* _Exercise details_
For the entries that follow, restate word for word the line containing "a log cabin", the line containing "2. Side view", and every line that lies between them.

* _Data to examine_
>>>
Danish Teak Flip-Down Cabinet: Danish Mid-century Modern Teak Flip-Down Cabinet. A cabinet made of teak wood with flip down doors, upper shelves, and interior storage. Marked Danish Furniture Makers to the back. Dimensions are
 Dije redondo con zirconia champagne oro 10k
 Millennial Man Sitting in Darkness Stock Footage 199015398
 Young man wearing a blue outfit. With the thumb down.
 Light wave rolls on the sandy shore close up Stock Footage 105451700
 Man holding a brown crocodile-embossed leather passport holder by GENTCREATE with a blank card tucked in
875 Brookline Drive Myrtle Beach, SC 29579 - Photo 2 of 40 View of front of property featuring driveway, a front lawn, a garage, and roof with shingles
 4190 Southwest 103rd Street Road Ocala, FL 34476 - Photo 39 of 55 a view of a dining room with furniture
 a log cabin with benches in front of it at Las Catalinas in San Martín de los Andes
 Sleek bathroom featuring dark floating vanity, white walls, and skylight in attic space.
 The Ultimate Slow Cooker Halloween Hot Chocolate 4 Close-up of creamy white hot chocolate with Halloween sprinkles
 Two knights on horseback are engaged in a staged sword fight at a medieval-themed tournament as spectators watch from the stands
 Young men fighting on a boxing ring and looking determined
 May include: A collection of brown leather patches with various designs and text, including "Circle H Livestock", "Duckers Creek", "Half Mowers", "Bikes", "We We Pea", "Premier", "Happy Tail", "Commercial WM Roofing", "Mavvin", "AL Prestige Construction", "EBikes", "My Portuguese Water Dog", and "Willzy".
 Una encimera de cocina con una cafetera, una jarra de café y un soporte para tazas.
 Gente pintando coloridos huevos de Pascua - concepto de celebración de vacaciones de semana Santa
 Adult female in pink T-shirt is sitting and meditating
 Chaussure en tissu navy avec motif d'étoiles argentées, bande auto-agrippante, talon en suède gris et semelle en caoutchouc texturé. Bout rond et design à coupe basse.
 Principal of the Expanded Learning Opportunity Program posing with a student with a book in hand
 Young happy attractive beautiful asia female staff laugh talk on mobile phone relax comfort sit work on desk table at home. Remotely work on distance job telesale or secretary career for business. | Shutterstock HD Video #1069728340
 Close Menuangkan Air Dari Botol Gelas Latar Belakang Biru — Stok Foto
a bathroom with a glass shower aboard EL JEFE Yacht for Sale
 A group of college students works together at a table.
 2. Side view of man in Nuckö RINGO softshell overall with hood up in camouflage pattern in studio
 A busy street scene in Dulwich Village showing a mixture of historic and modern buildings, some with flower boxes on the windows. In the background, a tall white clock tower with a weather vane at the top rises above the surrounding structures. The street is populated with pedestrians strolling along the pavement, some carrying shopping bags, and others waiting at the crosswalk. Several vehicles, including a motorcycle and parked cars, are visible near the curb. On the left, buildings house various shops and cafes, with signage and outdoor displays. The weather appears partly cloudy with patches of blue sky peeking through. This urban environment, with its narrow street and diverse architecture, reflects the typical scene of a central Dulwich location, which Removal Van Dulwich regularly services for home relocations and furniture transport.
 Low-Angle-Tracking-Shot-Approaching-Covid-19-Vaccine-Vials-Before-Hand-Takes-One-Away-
<<<
* _Answer_
 a log cabin with benches in front of it at Las Catalinas in San Martín de los Andes
 Sleek bathroom featuring dark floating vanity, white walls, and skylight in attic space.
 The Ultimate Slow Cooker Halloween Hot Chocolate 4 Close-up of creamy white hot chocolate with Halloween sprinkles
 Two knights on horseback are engaged in a staged sword fight at a medieval-themed tournament as spectators watch from the stands
 Young men fighting on a boxing ring and looking determined
 May include: A collection of brown leather patches with various designs and text, including "Circle H Livestock", "Duckers Creek", "Half Mowers", "Bikes", "We We Pea", "Premier", "Happy Tail", "Commercial WM Roofing", "Mavvin", "AL Prestige Construction", "EBikes", "My Portuguese Water Dog", and "Willzy".
 Una encimera de cocina con una cafetera, una jarra de café y un soporte para tazas.
 Gente pintando coloridos huevos de Pascua - concepto de celebración de vacaciones de semana Santa
 Adult female in pink T-shirt is sitting and meditating
 Chaussure en tissu navy avec motif d'étoiles argentées, bande auto-agrippante, talon en suède gris et semelle en caoutchouc texturé. Bout rond et design à coupe basse.
 Principal of the Expanded Learning Opportunity Program posing with a student with a book in hand
 Young happy attractive beautiful asia female staff laugh talk on mobile phone relax comfort sit work on desk table at home. Remotely work on distance job telesale or secretary career for business. | Shutterstock HD Video #1069728340
 Close Menuangkan Air Dari Botol Gelas Latar Belakang Biru — Stok Foto
a bathroom with a glass shower aboard EL JEFE Yacht for Sale
 A group of college students works together at a table.
 2. Side view of man in Nuckö RINGO softshell overall with hood up in camouflage pattern in studio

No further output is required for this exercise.